Saturday, August 28, 2010

"Aliens" (1986)

Starring Sigourney Weaver, Michael Biehn and Paul Reiser
Written and directed by James Cameron

I often waffle back and forth on whether "Aliens" or "Terminator 2: Judgment Day" is James Cameron's best film.  Tonight, I'm watching them back-to-back and I'm still not sure I can decide.  Perhaps they're equally as good?

"Aliens" is one of those rare sequels that manages to take the universe and characters of the original and do something new and interesting with them instead of simply trying to repeat and recapture the magic of the first.  Set some 60 years after the first film, "Aliens" finds Sigourney Weaver's Ellen Ripley revived from cryogenic sleep and brought back to Earth.  There, she finds that the entire world has changed without her, including the death of her only daughter several years before.  Now alone, in a strange world, Ripley also finds that the company that employed her is not so happy that she destroyed an expensive starship, seemingly without cause.  They don't believe her story about vicious alien creatures with acid for blood, and she's quickly drummed out.
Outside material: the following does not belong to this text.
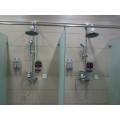 热泵水控机 插卡淋浴器 洗澡控水器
Soon after, however, Earth loses contact with the colony on LV-426 that has sprung up in Ripley's absence - the same planet where she encountered the aliens "Xenomorph."  Ripley volunteers to be part of a military mission to LV-426 to discover the source of the communications blackout, hoping that it doesn't mean wholesale slaughter of several hundred colonists.  When the detachment of Colonial Marines lead by Lt. Gorman (William Hope), Sergeant Apone (Al Matthews) and Corporal Hicks (Michael Biehn) reach LV-426, Ripley's worst nightmares are confirmed: a hive of aliens has taken over the colony, using the human settlers as incubators to propagate themselves.  The Marines' initial encounter with the aliens suffers heavy casualties, leaving Ripley and the survivors stranded on the surface, low on ammo, until they can establish contact with their ship to send down a rescue shuttle.

On the planet, Ripley encounters Newt (Carrie Henn), a young girl who has managed to survive alone for weeks.  Ripley, feeling the loss of her own daughter, takes Newt under her wing and protects her.   But the aliens aren't the only thing Ripley needs to watch out for: a company executive named Burke (Paul Reiser) is along for the ride, and his intentions are not exactly noble.  Despite his promises to Ripley, he aims to capture one of the aliens alive (inside a human host, if necessary) and bring it back to Earth for study. 

"Aliens" starts off a bit slow, taking its time to build the characters and set up the situation before Ripley and the Marines even arrive at LV-426.  This is absolutely to the betterment of the picture, more so in the lengthier director's cut than in the theatrical version.  In this version, we find out more about Ripley's lost daughter, and are introduced to Newt and her family much earlier.  While I can understand the decision to cut these parts out in a business sense, in a creative sense it lessens the film.  The director's cut is a much fuller experience, even with the extra time spent at the beginning.  It's all worthwhile, because once the ride starts on LV-426, it's much more rewarding with that extra knowledge.

While the original "Alien" was a slow-burn horror film set in space, "Aliens" eschews that for a full-blown action movie.  It takes certain tropes of the genre, including the "men on a mission" plot structure, and sets it in space.  Instead of claustrophobic chase sequences, we get big balls-out gunfights and explosions, and a much more military feel to the whole thing.  

James Cameron's script gives us a cast of wild, fun characters.  The Marines share a special rapport with each other, joking back and forth, but entirely professional.  Bill Paxton's Private Hudson is the source for a number of hilarious lines, whether he's trying to exude his badassness or if he's flipping out from the fear.  Cigar-chomping Apone, slimy suit Burke, tough-chick Vasquez, all fun to watch and enjoyable to have around.  Michael Biehn's Hicks is a fine father figure for Ripley's new surrogate family with herself as the mother and Newt as daughter. 

Directing action has never been a weak point for Cameron, either, and he throws out some real balls-to-the-wall badassery in this one.  Even in all the smoky darkness, the action in "Aliens" is intense and easy to follow.  The final confrontation between Ripley and the alien queen is a scene for the ages, even if it borrows a bit from the climax of the original film.  The creature design is top-notch, with lots of extremely frightening alien creatures running about in the darkness.

"Aliens" is a fantastic film, sci-fi or not.  Well-defined characters, great performances and awesome effects and action make it one of James Cameron's best.  Is it his absolute best?  I'm still not sure.  I don't think I could ever really decide on that one.  But I'll continue to have a blast trying.